As you can see, there are 2 more pages in total that are not freed and therefore it cannot drop the tot_pages variable to 0 and therefore it can't set drop_dom_ref to 1. This is required to destroy the domain but since the page count is bigger by 2 it can't drop to zero.

It seems like that the free_domheap_pages() function frees only last 4 pages in the memory and expects the rest to be done by prior to this.

Also, I know it's strange that it's done on the xen daemon restart but I was able to see following new lines in the `xm dmesg` output after the domain restart:

(XEN) page_alloc.c:899:d0 free_domheap_pages: dying = 2 (tot_pages = 1)
(XEN) page_alloc.c:914:d0 free_domheap_pages: drop_dom_ref = 0
(XEN) page_alloc.c:899:d0 free_domheap_pages: dying = 2 (tot_pages = 0)
(XEN) page_alloc.c:914:d0 free_domheap_pages: drop_dom_ref = 1
(XEN) page_alloc.c:917:d0 free_domheap_pages: Ref count is 1, decreasing by 1
(XEN) domain.c:541:d0 domain_destroy: Destroying domain 2 (dying 2)

The only thing that's being done on the restart is that hypervisor calls put_page() from include/asm-x86/mm.h and since the unlikely((nx & PGC_count_mask) == 0) is met it's freeing the rest of the memory pages that are not being freed yet.

Based on the fact it's having a wrong page count after the resume I guess the bug is in the hypervisor itself and restarting xend daemon only reinitializes the connection which is the place where HV frees the memory.

I would prefer finding a root cause in the hypervisor itself because of the reasons mentioned above.

Andrew, what do you think about this?
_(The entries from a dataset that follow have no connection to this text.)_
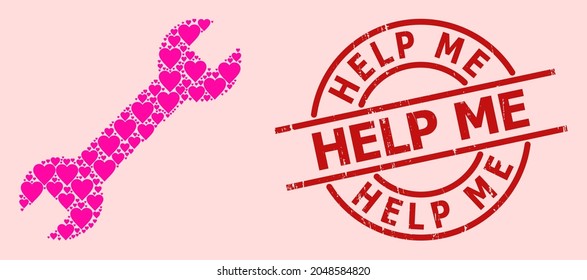 Grunge Help Me stamp seal, and pink love heart pattern for spanner. Red round stamp has Help Me text inside circle. Spanner mosaic is done of pink dating symbols.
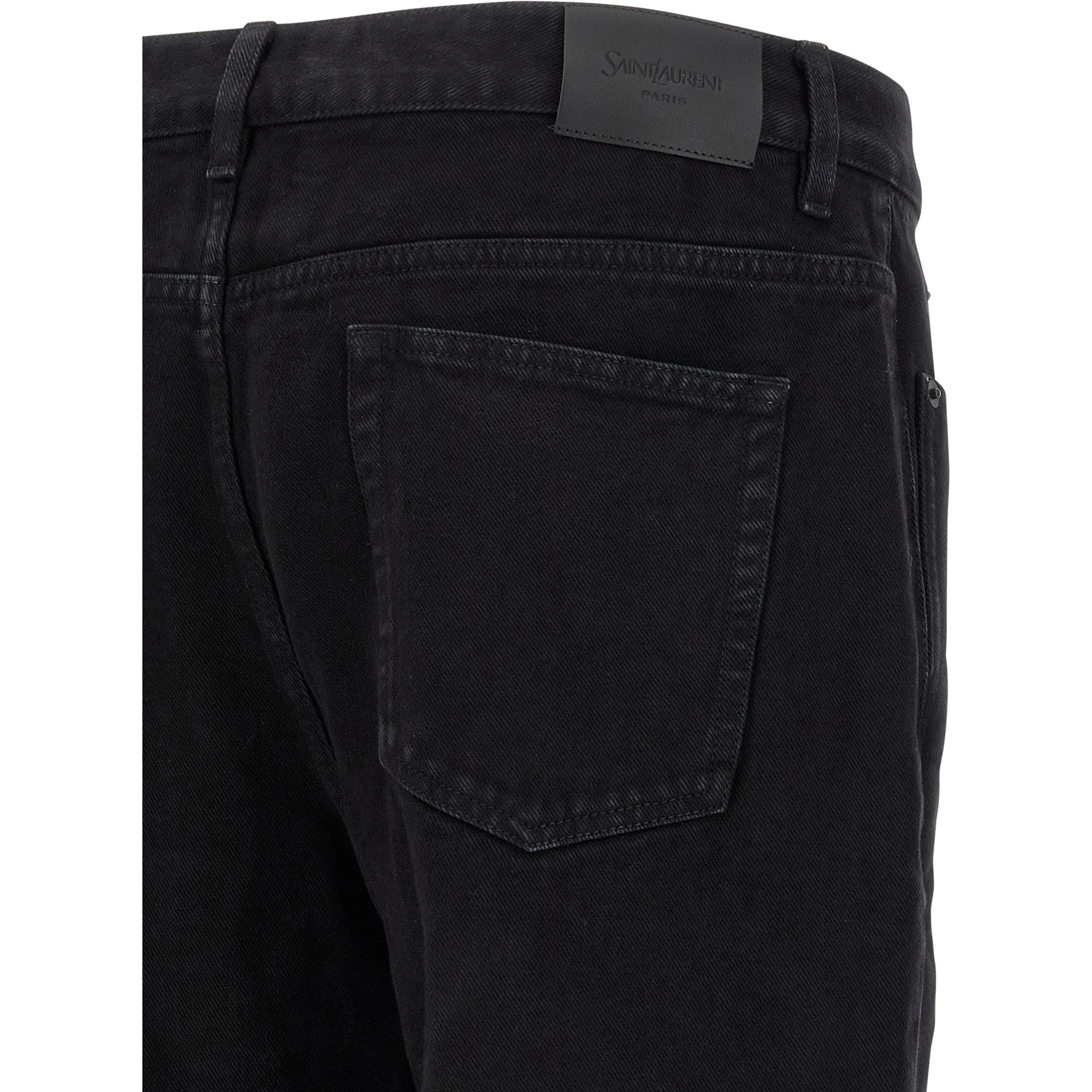 Black Cotton Straight-Leg Jeans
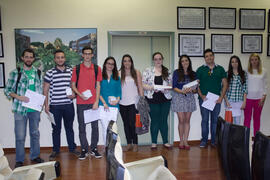 Premiados. Jornada de clausura del I Concurso de Creación de Empresas. Facultad de Ciencias Económicas y Empresariales. Málaga. Mayo de 2015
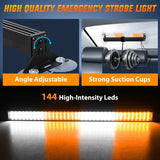 Nilight 144 LED Strobe Traffic Advisor Light Bar Amber White with Controller 2 in 1 Automotive Emergency Warning Flashing Police Windshield Lights Bars for Cars Tow Plow Trucks Construction Vehicles, view 2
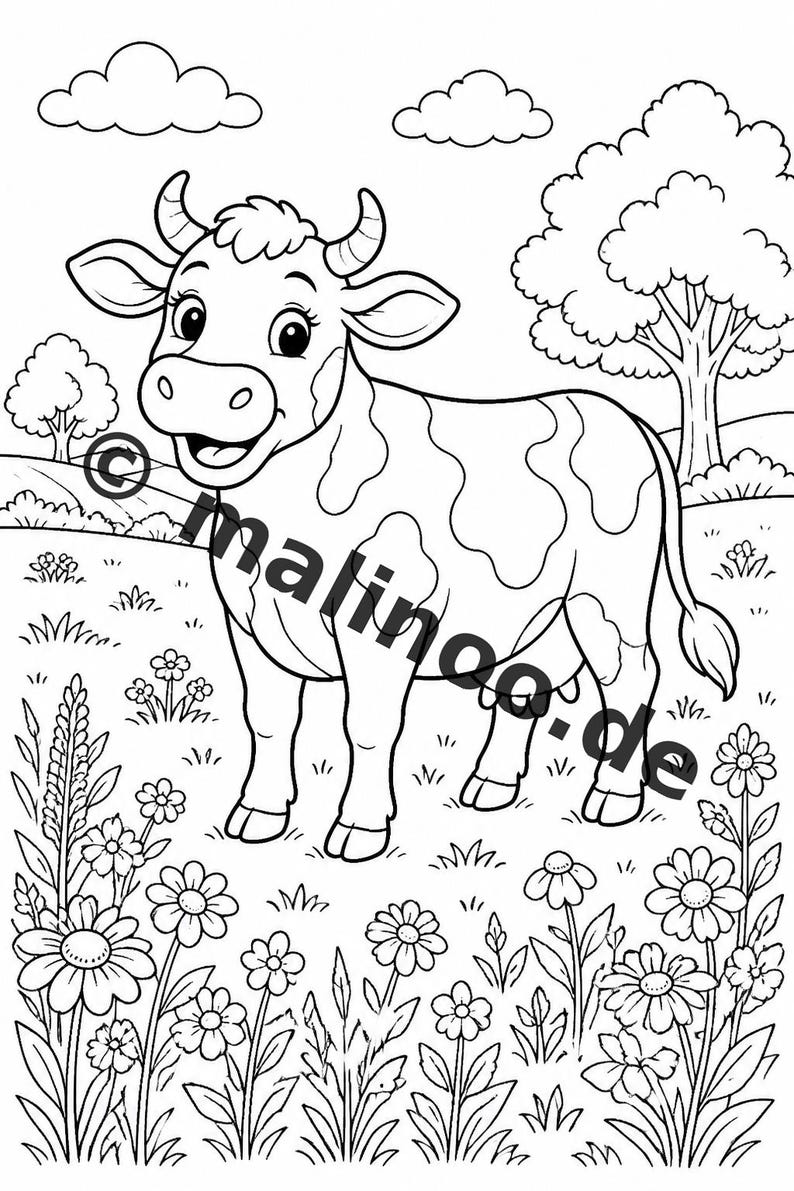 Livro de colorir Fazenda PDF para download digital – 20 páginas para colorir para crianças – Livro 01 Edição 1 (DIN-A4) imagem 3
Feel free to reassign to kernel-xen space if it makes sense to you.

Thanks,
Michal

Comment 10 Michal Novotny 2011-03-03 15:51:31 UTC

[snip

> (XEN) domain.c:541:d0 domain_destroy: Destroying domain 2 (dying 2)
> (XEN) domain.c:565:d0 domain_destroy: Scheduling domain destruction for domain
> 2
> 

Oh, just a note this should be domain 1 for both. I made a mistake there and I put there is_dying instead of domain_id.

Michal

Comment 13 Andrew Jones 2011-03-07 14:36:39 UTC

(In reply to comment #9)
> Andrew, what do you think about this? Feel free to reassign to kernel-xen space
> if it makes sense to you.

As discussed, we need to investigate this further from both userspace and HV sides. It's still unclear if there's an HV bug or if userspace isn't forcing a cleanup when it should be. In any case I'm retracting my statement to dup this to 497080, because I believe one way or another we should keep the system clean (no zombie domains), even when running guests that don't support suspend cancellation.

Comment 14 Michal Novotny 2011-03-08 19:32:22 UTC

Well, I have most likely found the block of memory in the restore code (used for resume) that's responsible for this leak. It's in the user-space stack after all and simple patch like:

diff --git a/tools/libxc/xc_resume.c b/tools/libxc/xc_resume.c
index 811989f..85ae93b 100644
--- a/tools/libxc/xc_resume.c
+++ b/tools/libxc/xc_resume.c
@@ -264,6 +264,10 @@ static int xc_domain_resume_any(int xc_handle, uint32_t domid)
         munmap(p2m_frame_list, P2M_FLL_ENTRIES*PAGE_SIZE);
     if (p2m_frame_list_list)
         munmap(p2m_frame_list_list, PAGE_SIZE);
+    if (live_p2m_frame_list)
+        munmap(live_p2m_frame_list, P2M_FLL_ENTRIES*PAGE_SIZE);
+    if (live_p2m_frame_list_list)
+        munmap(live_p2m_frame_list_list, PAGE_SIZE);
     if (shinfo)
         munmap(shinfo, PAGE_SIZE);
 #endif

solved the issue however we've been discussing this with Andrew and we need to test it using more guests, most likely the RHEL-5 PV guest as well as Fedora-rawhide guest that should support suspend cancellation to support both guest having and not having the SUSPEND_CANCELLATION bits.

I've tested this for case of RHEL-5 guest and it was working fine to save the guest successfully, restore the guest successfully and resume the guest after save fails. Everything was working fine however I need to do some testing with Fedora-rawhide now.

Michal

Comment 15 Michal Novotny 2011-03-09 09:42:06 UTC

Well, I did try to compare the behaviour without and with this patch applied for RHEL-5 PV guest and Fedora-14 PV guest and it doesn't seem to regress anything.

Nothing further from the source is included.